#### Directions
Only a number is wanted: how many lines in the records below contain "Vintage"?

#### Excerpted records
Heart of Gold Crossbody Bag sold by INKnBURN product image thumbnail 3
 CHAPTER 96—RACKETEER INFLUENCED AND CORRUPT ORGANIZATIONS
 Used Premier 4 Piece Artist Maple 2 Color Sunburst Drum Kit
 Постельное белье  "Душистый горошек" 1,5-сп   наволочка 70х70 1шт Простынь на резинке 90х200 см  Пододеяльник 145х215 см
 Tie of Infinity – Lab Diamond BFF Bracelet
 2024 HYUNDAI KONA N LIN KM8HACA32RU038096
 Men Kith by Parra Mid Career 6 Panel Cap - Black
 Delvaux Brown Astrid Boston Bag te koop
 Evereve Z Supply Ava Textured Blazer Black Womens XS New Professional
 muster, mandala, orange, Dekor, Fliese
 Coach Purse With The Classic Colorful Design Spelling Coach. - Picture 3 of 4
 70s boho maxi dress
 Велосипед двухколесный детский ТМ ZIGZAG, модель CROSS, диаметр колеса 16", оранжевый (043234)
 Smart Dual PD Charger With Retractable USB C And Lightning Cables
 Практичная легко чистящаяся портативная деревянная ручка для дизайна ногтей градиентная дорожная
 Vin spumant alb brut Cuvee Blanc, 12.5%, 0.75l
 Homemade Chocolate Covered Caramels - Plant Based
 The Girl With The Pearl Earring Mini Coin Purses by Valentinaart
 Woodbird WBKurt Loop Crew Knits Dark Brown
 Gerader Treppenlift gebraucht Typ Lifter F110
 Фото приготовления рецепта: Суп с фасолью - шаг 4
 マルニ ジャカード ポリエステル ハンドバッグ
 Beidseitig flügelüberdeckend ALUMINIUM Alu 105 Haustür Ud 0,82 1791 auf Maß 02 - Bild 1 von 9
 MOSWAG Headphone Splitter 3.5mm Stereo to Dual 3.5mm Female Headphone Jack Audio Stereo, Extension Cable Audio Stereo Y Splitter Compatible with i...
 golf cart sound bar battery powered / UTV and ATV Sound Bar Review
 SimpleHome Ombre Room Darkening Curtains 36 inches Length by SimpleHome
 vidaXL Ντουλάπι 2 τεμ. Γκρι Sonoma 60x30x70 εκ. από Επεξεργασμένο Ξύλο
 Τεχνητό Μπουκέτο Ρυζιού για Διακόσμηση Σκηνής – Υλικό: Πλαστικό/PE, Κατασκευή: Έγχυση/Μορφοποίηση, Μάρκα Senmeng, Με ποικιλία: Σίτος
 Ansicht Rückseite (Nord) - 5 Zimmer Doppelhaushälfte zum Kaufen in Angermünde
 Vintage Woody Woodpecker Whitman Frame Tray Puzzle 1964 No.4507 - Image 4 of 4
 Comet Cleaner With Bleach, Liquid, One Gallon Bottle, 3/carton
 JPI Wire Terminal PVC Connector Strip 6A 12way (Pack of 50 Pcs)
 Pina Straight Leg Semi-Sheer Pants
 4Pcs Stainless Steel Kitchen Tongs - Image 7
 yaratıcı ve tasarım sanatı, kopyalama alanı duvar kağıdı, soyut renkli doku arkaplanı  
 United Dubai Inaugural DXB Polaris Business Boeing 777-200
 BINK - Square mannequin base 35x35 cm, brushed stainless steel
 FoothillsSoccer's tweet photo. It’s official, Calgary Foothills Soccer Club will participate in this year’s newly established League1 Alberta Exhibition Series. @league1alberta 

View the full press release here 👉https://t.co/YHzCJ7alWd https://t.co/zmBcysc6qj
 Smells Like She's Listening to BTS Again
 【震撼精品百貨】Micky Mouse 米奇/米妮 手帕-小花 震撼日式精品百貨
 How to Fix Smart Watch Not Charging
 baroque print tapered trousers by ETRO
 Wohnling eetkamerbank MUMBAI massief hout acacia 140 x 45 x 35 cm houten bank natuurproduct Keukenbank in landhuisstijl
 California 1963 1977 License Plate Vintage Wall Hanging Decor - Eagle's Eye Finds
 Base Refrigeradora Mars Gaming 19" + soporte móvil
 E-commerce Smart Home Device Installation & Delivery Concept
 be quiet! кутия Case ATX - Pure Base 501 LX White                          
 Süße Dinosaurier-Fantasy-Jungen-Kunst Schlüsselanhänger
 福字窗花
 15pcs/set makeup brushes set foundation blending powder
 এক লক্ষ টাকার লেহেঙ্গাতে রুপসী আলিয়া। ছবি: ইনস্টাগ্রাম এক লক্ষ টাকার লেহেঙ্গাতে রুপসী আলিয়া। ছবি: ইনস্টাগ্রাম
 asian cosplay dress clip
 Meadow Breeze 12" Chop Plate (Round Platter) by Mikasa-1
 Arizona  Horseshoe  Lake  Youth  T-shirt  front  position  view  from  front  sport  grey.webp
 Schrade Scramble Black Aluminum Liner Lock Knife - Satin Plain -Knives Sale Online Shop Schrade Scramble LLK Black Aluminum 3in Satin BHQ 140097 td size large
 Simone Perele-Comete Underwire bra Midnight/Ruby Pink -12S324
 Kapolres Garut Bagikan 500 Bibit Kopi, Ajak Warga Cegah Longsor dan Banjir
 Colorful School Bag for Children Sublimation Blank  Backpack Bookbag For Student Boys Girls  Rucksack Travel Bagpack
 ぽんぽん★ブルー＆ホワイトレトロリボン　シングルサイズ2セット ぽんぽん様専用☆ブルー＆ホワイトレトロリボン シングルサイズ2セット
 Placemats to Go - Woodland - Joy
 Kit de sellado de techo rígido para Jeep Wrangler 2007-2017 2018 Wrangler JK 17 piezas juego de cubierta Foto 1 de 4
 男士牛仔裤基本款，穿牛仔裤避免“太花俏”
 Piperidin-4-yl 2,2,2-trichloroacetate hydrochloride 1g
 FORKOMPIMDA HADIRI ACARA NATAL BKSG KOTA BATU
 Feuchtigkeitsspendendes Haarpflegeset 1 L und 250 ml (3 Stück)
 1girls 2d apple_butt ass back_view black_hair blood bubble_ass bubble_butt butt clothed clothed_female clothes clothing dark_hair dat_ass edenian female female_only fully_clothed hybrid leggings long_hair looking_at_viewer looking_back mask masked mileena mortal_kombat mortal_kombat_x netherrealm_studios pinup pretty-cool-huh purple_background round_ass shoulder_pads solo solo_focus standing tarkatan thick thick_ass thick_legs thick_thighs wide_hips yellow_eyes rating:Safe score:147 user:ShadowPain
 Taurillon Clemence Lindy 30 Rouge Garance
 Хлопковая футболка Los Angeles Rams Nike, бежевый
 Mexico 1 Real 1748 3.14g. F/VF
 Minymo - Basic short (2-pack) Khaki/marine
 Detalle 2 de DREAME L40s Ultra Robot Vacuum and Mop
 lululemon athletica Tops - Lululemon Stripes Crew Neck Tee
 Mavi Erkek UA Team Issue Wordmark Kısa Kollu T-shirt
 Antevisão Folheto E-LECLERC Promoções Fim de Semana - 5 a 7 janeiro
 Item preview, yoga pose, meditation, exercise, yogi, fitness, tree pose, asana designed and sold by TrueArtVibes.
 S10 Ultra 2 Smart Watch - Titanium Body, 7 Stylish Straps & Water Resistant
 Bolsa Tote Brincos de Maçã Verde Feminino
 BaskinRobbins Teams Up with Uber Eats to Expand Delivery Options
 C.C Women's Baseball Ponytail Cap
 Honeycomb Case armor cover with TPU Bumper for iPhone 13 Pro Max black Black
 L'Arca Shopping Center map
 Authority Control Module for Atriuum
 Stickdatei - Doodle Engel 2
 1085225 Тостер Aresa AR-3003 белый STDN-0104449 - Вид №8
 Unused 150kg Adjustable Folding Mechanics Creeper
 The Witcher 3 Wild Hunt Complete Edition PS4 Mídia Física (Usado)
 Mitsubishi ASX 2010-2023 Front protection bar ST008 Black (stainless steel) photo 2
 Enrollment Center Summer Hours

#### Answer space
2